Here's my take.  In every large web application I've ever written, the
validation imposed by the database, ORM classes, and HTML forms have
been different.  For example, a database column may accept a 32-bit
signed integer (say, because the db doesn't have an "unsigned" type)
but the RDBO column only accepts positive numbers, and one of the form
fields that takes user input for this column presents a pop-up menu
containing only the integers 1-100, while another (say, in the "admin"
interface) accepts any positive integer below 1,000,000.

IOW, there's a very good reason that validation exists in all these
separate places in the Rose framework: so they can diverge.  IMO,
people are missing the forest for the trees when they compulsively
apply DRY.  In particular, it's almost always a bad idea to combine
HTML form validation and ORM/db constraints.

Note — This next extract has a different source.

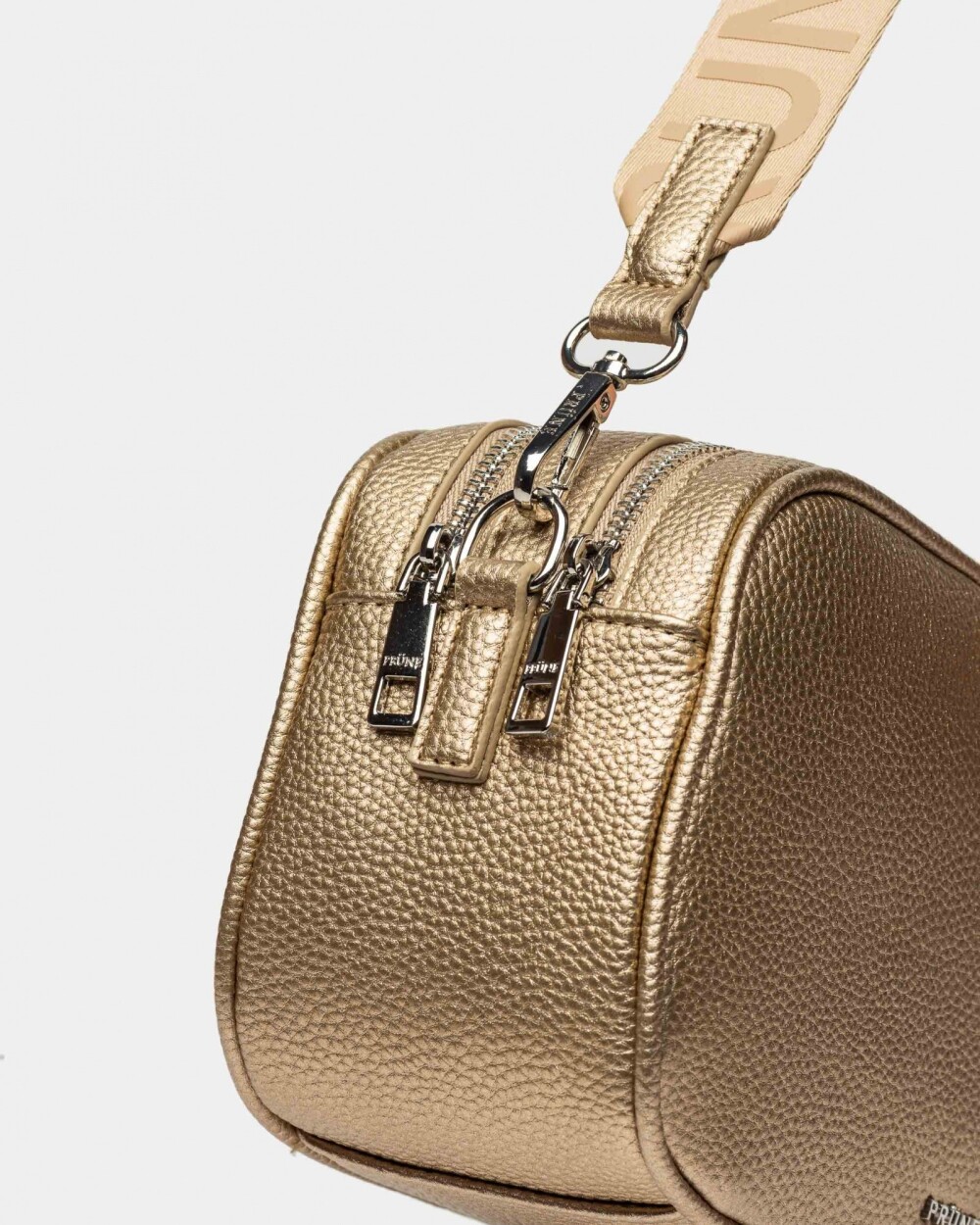 Bandolera Adisa En Efecto Cuero Platino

Again, in every large web app I've created, each database table has
several forms that write into it--sometimes only writing partial
values.  The HTML form layer is usually the most restrictive, the ORM
less so, and the db itself is the most permissive.  At each level,
business rules and permissions dictate the ever-increasing specificity
of the validation.

That's not to say that it's a bad idea to initially *derive*
validation from the db metadata.  That's a great starting point.  But
I'm wary of any attempt to *combine* it all into a single place,
making it harder to diverge the validation at each level, because IME
that always needs to be done eventually.